When you think about it, in Australia, marsupials have equivalents for pretty much all kinds of mammals (or used to). There are anteater-like marsupials (Numbat), squirrel-like marsupials (Gliders), mole-like marsupials (Marsupial moles), cat-like marsupials (Quolls) and there even have been rhino-like (Nototherium) and panther-like species (Thylacoleo) (now both extinct) but there has never been a bat-like marsupial. Shame… I think it would be really cool to have a marsupial bat… Imagine a little head poking of out of a pouch of an already really cute bat…

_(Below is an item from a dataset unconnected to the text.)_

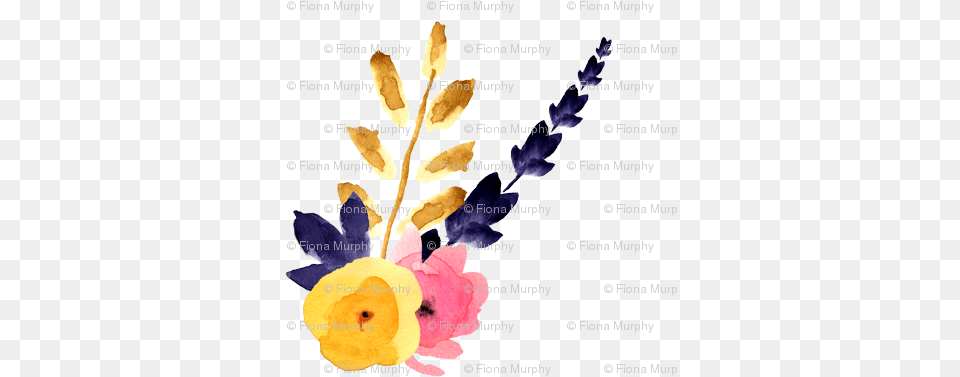 Floral Watercolor Spray Watercolor Painting, Leaf, Plant, Flower, Petal Free Png Download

Juvenile Spectacled Flying Fox thinking about its future life, away from an unlimited supply of fruit...
The view at sunset from O'Reilly's. If you look closely, there should be a Pademelon or two.
The one and only furry diving log, the Duck-billed Platypus. Possibly the weirdest mammal on Earth.

After visiting all those small-ish Pacific Islands, such as Viti Levu, Guadalcanal and Grande Terre, I had to start seriously increasing my species list at some point. The easiest way to do that was to go to Australia. Australia is well known to be home to a whole range of creatures capable of killing you but it’s also home to many cute and harmless creatures as well. Amongst those are marsupials and bats, on which I focused, obviously with more attention to the latter.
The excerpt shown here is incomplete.